The lack of a platform did not seem to detract from Richardson’s performance. Speaking of the need to “be born again” if one was to be “raised into a spiritual and new life,” he directed most of his attention not to the overflowing crowd but to the “great woman” seated before him. The depth and sincerity of her spiritual life are evident in Richardson’s description of her reaction: [She] fought and strove against the testimony, sometimes looking up in my face with a pale, and then with a more ruddy complexion, but the strength of the truth increased, and the Lord’s mighty power began to shake the people within and without doors; but she who was looked upon as a Deborah by these people was loth to lose her outside religion, or the appearance thereof; when she could no longer contain, she submitted to the power of truth and the doctrines
thereof and lifted up her voice and wept: Oh! then the universal cry and brokenness of heart and tears was wonderful!
After an hour of speaking, Richardson, who had not slept in more than a day, began to grow faint and requested that the meeting be ended.

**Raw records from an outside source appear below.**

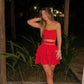 Red Fashion Strapless Off Shoulder Waist Short Mini Party Dress Homecoming Dress nv2269
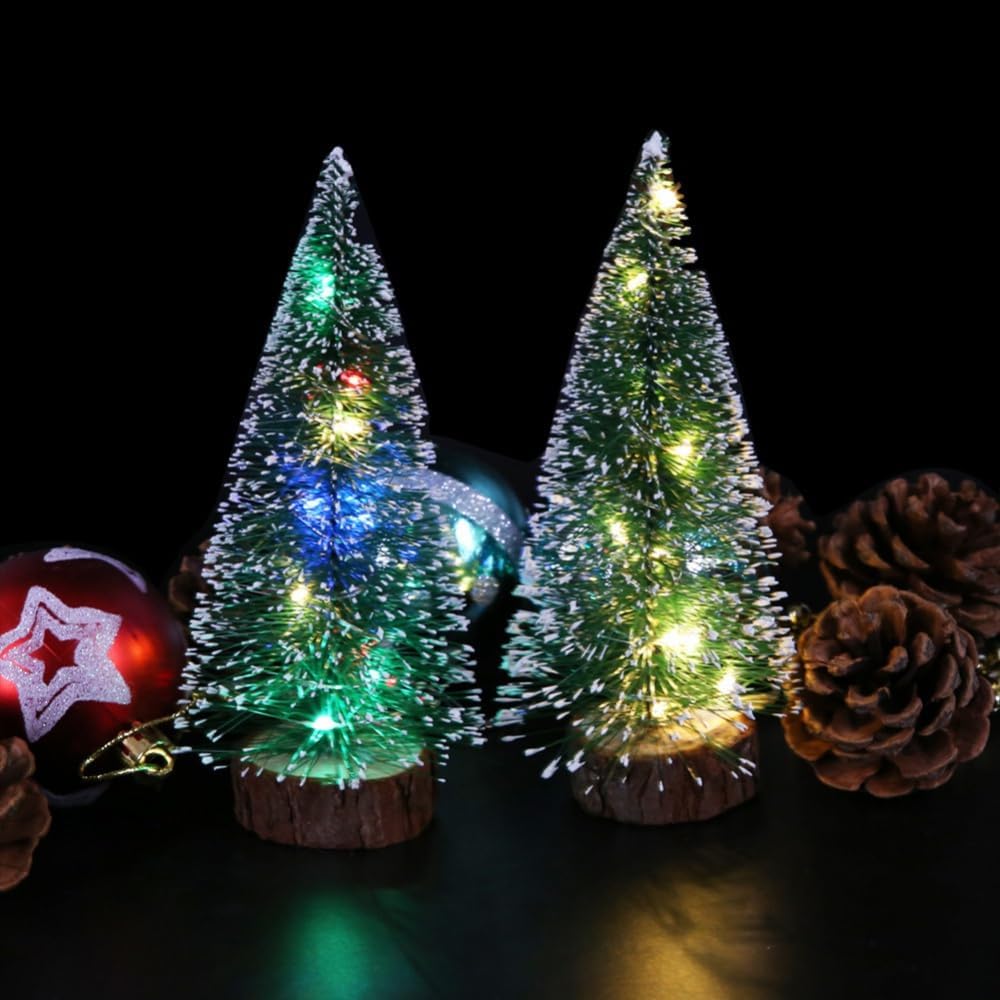 2 Pieces of Christmas Green Cedar LED Lights, Pine Needle Tree Christmas Decoration, Desktop Decoration Gift, Mini Christmas Tree Decoration (25m Colored Light)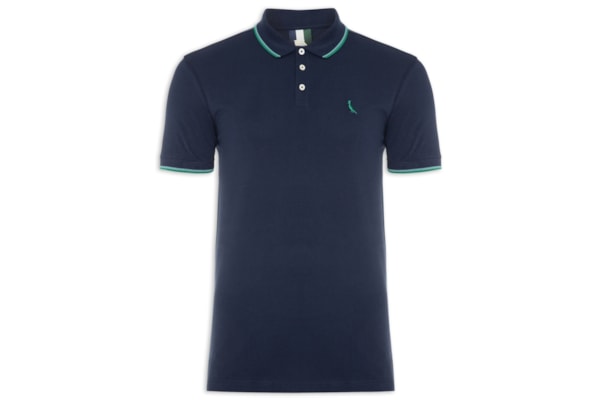 Polo Friso Duplo Masculina - Azul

But the crowd was too overcome to disperse. Finally, Mary Starbuck gained enough composure to address the multitude. “[She] stood up, and held out her hand, and spoke tremblingly and said, ‘All that ever we have been building, and all that ever we have done is all pulled down this day, and this is the overwhelming truth. . . .’” Added Richardson, “I observed that she, and as many as could well be seen, were wet with tears from their faces to the foreskirts of their garments, and the floor was as though there had been a shower of rain upon it.”

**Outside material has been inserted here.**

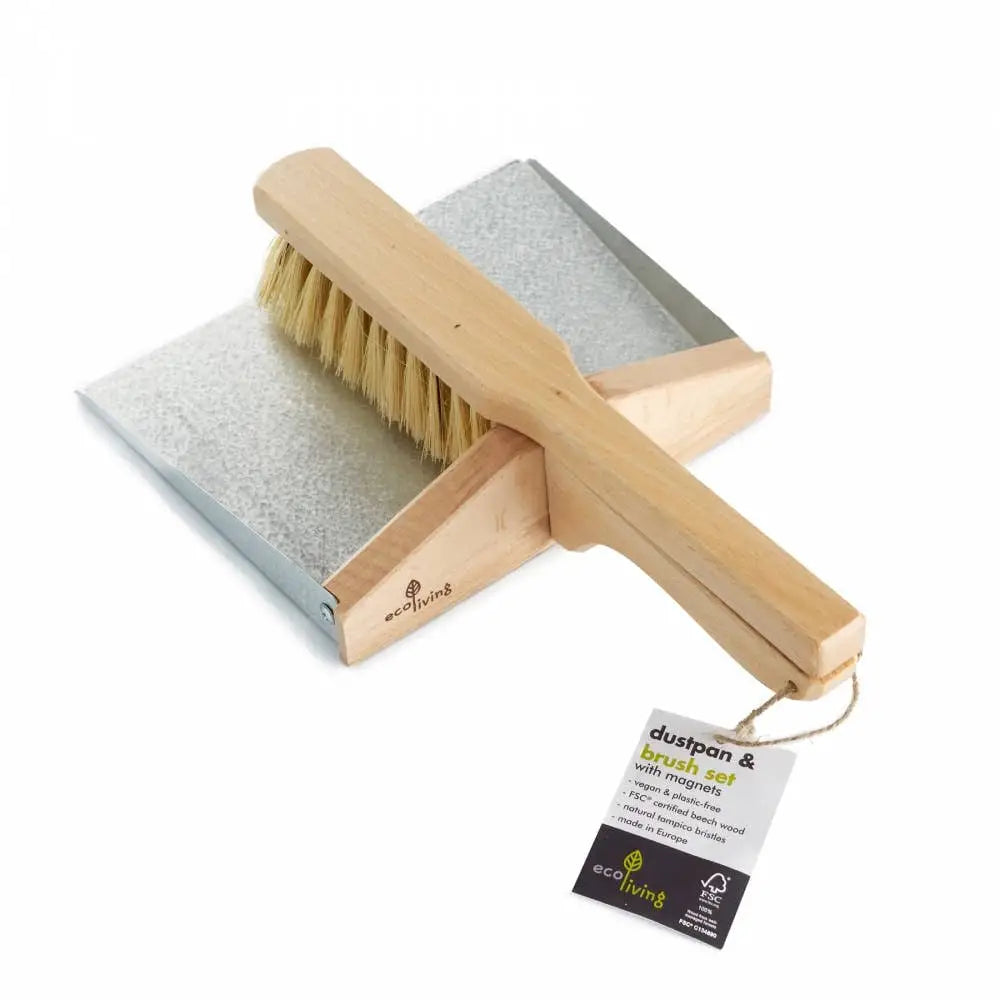 ecoLiving - Beechwood Dustpan + Brush Set with Magnets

Contrary to what some have maintained, Mary Starbuck’s conversion did not mark the instantaneous adoption of Quakerism on the island. When another Friend, Thomas Story, came to Nantucket three years later, in 1704, he found an island still “inhabited by a mixed people of various notions” with no organized meeting. One person standing in the way of the Quaker cause was Captain John Gardner, now “an ancient man,” according to Story, “who had much sway in the affairs of the government of the island.” Despite his age, Gardner had lost none of the feistiness that had characterized his conduct in the Half-Share Revolt. When Story came to visit him in his own house, Gardner proved to be in no mood to be proselytized, claiming that thirty to forty years earlier in his hometown of Salem, a Quaker had asserted that Jesus Christ never rose from the dead. Although Story insisted that this was not a tenet of Quakerism, Gardner persisted in his vehement denunciations of the faith to the point that “his wife (an ancient person) was much grieved at the ill-nature and behavior of her husband toward us . . . and she wept much whilst we talked together.”